From the Proceedings of the Antiquaries Society of Scotland v39 – John Abercromby reports how he ‘attacked the cairn’ on the 2nd of June 1904, which was honest and enthusiastic at least. I hoped there might be a bit of a story about the ‘Trowie’ (or troll) but there isn’t.
This is really such a superb part of the country and reading about it makes me want to go back. The cairn might not be the one in the story – I can’t find one now known by the name ‘Carn Glas’ (although it’s common enough). But it could be, it’s right by the road and big enough at 50ft diameter and 6ft high to be noticeable. It’s got a c5ft long slab, a hefty 8” thick, covering a cist.
The Labourer’s Dream.
A labourer (navvy) was working on the road between Rhi-conich and Durness, in Sutherlandshire, about fifty years ago, and dreamed on a Saturday night that if he rose early on Monday morning, so as to be at Carn Glas at sunrise, he would see a crow sitting on a stone. Under that stone he would find the gold which was hid after the murder of a Norwegian prince.

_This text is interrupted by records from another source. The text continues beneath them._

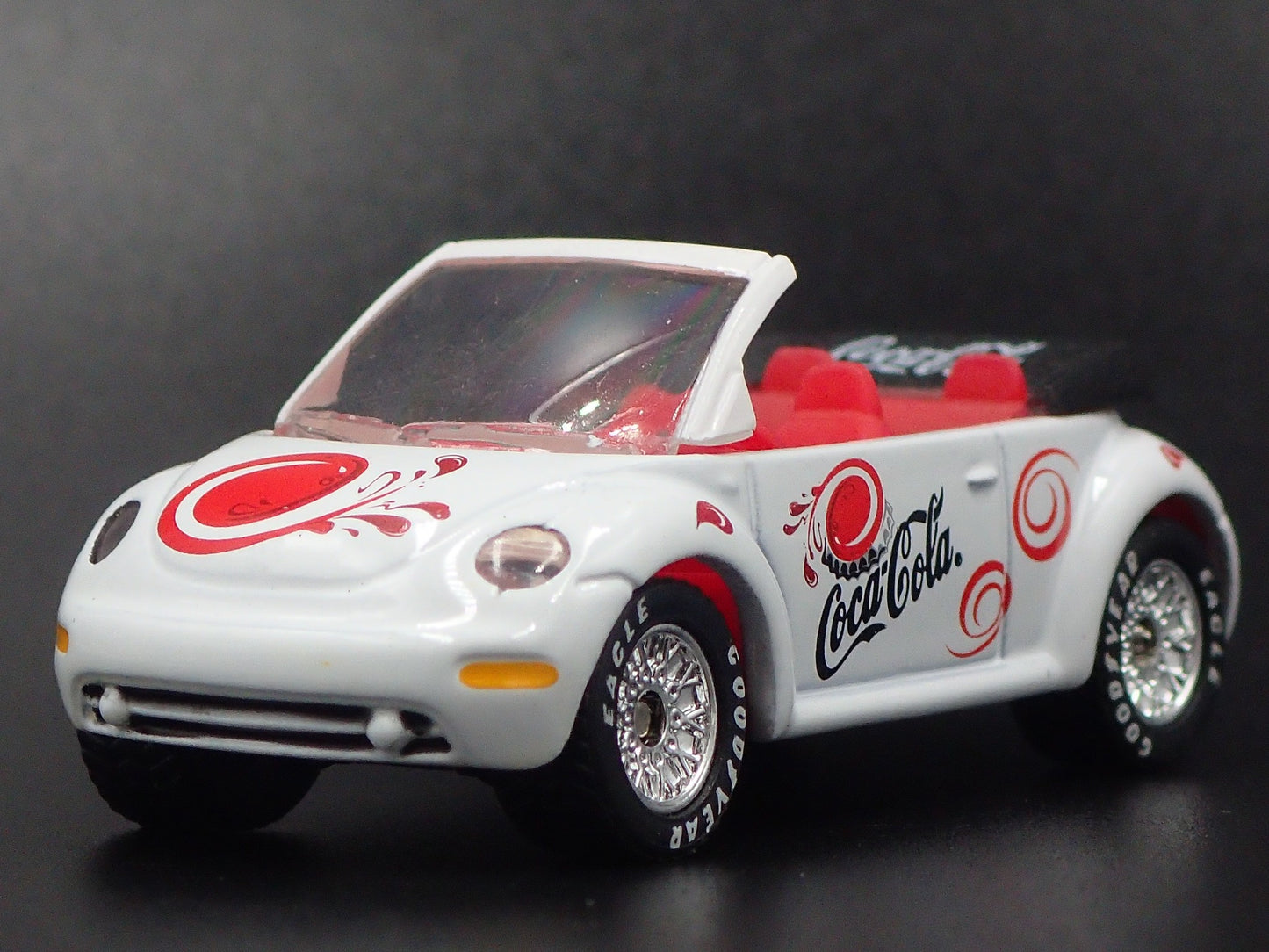 1998-2011 VW VOLKSWAGEN BEETLE BUG CONVERTIBLE COCA COLA 1:64 DIECAST MODEL CAR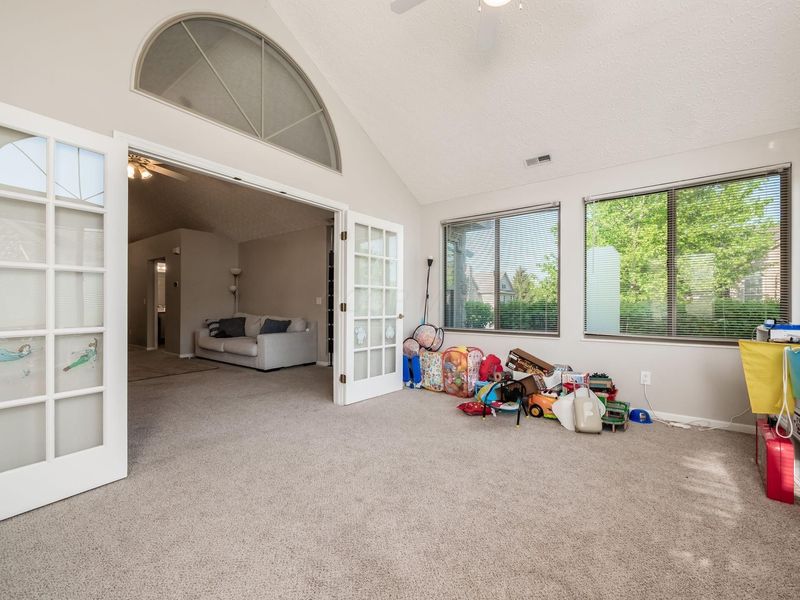 8891 Linksway Drive , Powell, OH 43065 Photo 10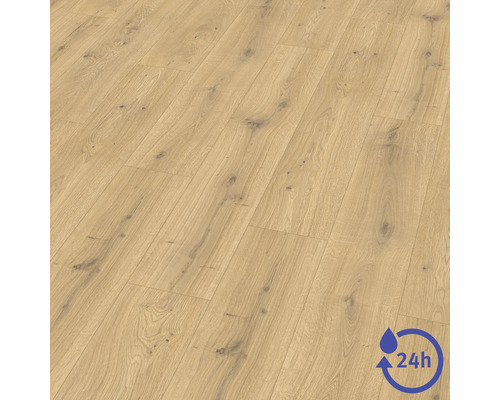 Laminatboden in Holzoptik, Eiche-Dekor mit Astlöchern und Symbol für 24 Stunden Wasserresistenz.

The labourer was in so great a hurry to get the gold that he could not wait till Monday, but set off on Sunday evening, as he had a long way to go. When he reached Carn Glas, there was a crow sitting on a stone, but he did not know which was the right one, for there was a crow on every stone!
People who could interpret dreams said that this happened because he broke the Sabbath; he ought to have waited till the Lord’s Day had gone past, and he would have been certain to get the gold.